My Bullish Take on This Tech Stock
Shas is a member of The Motley Fool Blog Network -- entries represent the personal opinion of the blogger and are not formally edited.
Broadcom (NASDAQ: BRCM) announced its 2012 Q4 and full year results on Jan. 29. The company reported record annual revenue of $8 billion and cash flow from operations of $1.93 billion. It reported Q4 revenue of $2.08 billion, which surpassed analyst expectations of $2.07 billion.
Founded in 1991, Broadcom provides semiconductor solutions for wired and wireless communications. The company manufactures a variety of communication chips for devices like smartphones, network modems and set-top boxes.
Financials
Let us look at the growth figures for the company. The quarterly revenue experienced remarkable year-on-year growth of 14% but annual revenue growth remained at the same level. Annual EPS growth saw a fall of 24%. Quarterly EPS came down to 43 cents from 45 cents last year. Analysts expected an increase of 39 cents in quarterly EPS.
Broadcom's 2011 performance was excellent. It posted strong gains in market share and increased its design contracts significantly. The financial performance of the company was also solid. Growth slowed in 2012, however.
These figures show that though revenues are increasing, costs are increasing at a much faster rate, leading to a downfall in quarterly EPS growth:

Results Analysis
Broadcom projected Q1 revenue to be in between $1.824 billion and $1.976 billion, which was less than the analysts' expectations of $2 billion. These figures are even lower than the Q4 revenue figures. The company believes that global economic conditions and slowing demand are mainly responsible for this downturn. Revenues from the wireless segments are expected to be affected more seriously than from the wired segment.

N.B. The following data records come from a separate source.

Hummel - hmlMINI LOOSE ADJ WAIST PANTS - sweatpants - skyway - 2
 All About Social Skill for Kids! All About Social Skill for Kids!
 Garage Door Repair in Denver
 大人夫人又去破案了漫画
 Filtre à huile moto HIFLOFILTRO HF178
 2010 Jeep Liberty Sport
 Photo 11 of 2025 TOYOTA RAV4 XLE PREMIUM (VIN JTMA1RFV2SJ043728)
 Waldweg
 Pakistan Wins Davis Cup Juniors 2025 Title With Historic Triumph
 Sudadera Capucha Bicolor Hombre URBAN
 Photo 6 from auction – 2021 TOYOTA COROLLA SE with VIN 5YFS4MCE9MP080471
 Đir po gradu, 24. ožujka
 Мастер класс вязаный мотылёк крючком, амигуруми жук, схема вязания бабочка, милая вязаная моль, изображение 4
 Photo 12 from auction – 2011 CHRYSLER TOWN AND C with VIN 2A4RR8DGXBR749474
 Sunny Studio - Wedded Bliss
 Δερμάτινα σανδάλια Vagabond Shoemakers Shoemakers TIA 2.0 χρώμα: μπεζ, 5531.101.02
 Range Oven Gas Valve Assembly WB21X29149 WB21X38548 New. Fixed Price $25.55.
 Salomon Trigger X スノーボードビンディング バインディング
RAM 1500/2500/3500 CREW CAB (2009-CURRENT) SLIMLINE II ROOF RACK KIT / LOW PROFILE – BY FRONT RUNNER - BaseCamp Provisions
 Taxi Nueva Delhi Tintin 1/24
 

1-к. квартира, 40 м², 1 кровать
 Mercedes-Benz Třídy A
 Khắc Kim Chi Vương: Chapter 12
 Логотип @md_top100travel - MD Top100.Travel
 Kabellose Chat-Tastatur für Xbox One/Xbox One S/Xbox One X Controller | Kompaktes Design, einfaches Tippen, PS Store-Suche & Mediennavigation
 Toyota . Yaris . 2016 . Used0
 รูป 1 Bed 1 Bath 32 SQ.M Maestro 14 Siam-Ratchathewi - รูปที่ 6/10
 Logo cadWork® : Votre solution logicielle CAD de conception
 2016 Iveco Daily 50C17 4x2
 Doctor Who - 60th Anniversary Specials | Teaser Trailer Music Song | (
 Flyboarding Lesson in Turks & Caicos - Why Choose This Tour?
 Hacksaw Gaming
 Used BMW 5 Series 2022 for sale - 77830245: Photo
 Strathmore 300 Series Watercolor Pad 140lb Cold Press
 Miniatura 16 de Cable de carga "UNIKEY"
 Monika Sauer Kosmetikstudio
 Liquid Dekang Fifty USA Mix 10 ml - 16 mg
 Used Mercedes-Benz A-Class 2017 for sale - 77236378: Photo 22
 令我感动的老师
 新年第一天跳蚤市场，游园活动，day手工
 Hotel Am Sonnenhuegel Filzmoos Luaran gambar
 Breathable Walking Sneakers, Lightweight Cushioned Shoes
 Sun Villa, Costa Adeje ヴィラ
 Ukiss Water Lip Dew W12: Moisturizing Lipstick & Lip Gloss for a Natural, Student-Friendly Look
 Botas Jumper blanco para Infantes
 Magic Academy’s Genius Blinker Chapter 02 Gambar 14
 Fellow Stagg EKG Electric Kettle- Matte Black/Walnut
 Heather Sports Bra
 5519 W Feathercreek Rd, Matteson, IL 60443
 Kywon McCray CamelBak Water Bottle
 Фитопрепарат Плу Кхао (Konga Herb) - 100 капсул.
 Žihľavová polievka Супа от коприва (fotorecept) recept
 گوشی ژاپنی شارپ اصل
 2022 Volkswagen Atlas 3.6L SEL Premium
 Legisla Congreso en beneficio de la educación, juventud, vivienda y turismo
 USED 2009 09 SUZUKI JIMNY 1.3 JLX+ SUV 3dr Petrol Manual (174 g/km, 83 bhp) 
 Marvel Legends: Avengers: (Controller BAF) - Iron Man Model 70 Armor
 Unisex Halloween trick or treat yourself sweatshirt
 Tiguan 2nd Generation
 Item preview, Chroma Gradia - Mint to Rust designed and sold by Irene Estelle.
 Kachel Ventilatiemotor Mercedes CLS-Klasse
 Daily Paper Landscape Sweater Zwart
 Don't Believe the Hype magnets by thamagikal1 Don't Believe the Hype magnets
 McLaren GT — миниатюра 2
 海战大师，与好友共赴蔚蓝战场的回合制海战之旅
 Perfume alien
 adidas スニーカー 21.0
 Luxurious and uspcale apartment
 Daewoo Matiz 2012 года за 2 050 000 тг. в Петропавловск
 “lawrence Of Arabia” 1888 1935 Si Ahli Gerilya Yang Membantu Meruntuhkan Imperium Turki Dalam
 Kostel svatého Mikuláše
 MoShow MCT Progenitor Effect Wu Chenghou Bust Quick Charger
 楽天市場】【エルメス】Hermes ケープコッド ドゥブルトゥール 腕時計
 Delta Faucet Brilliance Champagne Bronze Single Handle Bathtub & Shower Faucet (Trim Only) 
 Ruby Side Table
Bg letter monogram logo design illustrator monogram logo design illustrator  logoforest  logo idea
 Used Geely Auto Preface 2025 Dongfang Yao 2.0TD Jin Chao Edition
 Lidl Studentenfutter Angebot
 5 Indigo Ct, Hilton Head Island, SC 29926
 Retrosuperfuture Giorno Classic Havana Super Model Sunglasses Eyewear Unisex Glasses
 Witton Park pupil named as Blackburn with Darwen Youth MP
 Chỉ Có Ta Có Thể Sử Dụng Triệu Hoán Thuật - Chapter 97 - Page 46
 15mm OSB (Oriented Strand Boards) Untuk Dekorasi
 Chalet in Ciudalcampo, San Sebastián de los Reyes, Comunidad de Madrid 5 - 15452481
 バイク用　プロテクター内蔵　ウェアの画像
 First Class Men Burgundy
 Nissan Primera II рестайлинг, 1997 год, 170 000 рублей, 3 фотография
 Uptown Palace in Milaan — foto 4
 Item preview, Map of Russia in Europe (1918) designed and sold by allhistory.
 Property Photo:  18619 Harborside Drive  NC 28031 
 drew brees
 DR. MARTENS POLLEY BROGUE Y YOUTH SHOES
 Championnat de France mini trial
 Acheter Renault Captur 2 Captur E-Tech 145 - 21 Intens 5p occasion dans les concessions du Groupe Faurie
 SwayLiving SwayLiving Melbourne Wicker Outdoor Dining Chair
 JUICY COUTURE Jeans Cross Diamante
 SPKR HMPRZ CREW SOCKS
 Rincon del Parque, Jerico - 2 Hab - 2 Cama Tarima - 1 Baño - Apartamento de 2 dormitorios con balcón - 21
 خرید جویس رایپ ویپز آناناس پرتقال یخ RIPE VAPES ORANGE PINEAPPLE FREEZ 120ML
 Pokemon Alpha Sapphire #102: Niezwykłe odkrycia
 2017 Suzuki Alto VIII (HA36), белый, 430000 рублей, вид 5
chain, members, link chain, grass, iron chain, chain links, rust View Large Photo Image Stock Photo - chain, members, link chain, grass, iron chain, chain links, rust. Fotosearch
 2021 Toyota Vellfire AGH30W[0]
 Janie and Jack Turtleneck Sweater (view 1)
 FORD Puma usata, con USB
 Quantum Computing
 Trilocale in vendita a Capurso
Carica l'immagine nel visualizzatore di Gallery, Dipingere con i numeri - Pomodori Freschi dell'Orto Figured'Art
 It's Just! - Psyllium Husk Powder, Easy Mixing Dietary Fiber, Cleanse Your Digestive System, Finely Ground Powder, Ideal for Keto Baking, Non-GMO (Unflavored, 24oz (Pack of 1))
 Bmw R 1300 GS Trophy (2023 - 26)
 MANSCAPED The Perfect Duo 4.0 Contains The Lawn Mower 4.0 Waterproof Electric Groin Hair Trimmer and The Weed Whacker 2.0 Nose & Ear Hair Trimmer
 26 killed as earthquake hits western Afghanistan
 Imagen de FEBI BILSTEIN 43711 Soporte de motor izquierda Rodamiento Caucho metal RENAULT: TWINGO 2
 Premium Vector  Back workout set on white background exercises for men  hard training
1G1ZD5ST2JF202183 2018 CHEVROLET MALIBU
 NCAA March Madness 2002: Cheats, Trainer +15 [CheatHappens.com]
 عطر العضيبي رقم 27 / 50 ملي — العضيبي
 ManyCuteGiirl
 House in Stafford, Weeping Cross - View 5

Analysts are skeptical about the reason for the slowdown in sales. They believe that shifting market share between companies like Apple and Samsung can also be responsible. Apple's financial results have disappointed investors and added to the expected slowdown in the smartphone market. Broadcom sales of smartphone chips have come down by 9% in the fourth quarter.
Broadcom is also planning to increase its profits by expanding more into the growing sectors like near field communication (NFC) technology. It expects to double its NFC market share this year. This is a positive move and will strengthen the confidence of investors.
Industry Trends
Emerging markets like China and India are strong contenders for the growth of the semiconductor market. However, this growth affects profits as well, as these regions have poor purchasing power. High growth in industrial demand for semiconductors is expected this year, which is a further propelling factor for power management semiconductor solutions. Growing automotive markets around the world provide a positive outlook as they further support the use of semiconductors in safety, navigation and fuel efficiency electronic gadgets. The commercial aerospace market is also expecting increases in production.
Competition
Broadcom is in need of focusing on product innovation and engineering advancements to meet its competitors. It faces serious competition from established brand names like Texas Instruments (NASDAQ: TXN) and Qualcomm (NASDAQ: QCOM).
Texas Instruments is a strong competitor in the traditional segments. It has a strong presence in the Asia pacific region. It reported strong quarter four results. The company’s shares fell after hours as the company projected low growth for the coming quarter. Texas instruments is also expecting a slowdown due to reduced demand. It seems better to avoid this stock.
Qualcomm posted strong quarterly results in January. It reported quarterly revenue of $6 billion, showing year-on-year growth of 28%. Non GAAP earnings also experienced year-on-year growth of 30%. Quarterly free cash flow jumped by 24% as compared to the same quarter in 2012. The company is ready to spend a huge amount on research and development as it has accumulated cash of $28.4 billion with no debt. Qualcomm is projecting strong revenue growth for the coming quarters as well. Investors are feeling positive about investing in this company.
Conclusion
The short term investment perspectives are not so bright for this company. Broadcom has projected depressed revenue growth for the first quarter of 2013. This is mainly because of a slowdown in the smartphone market and changing market share between smartphone manufacturers.
However, in the long run, investment perspectives for Broadcom are very bright. Its diversified product portfolio gives it leverage on growth in data usage and connectivity and protects it against a slowdown in one particular segment. Strong industry linkages, like the ones with Apple, also make Broadcom stand apart from its competitors.
Broadcom’s diversified product portfolio, market credibility, future growth strategy and strong brand image make it a must buy.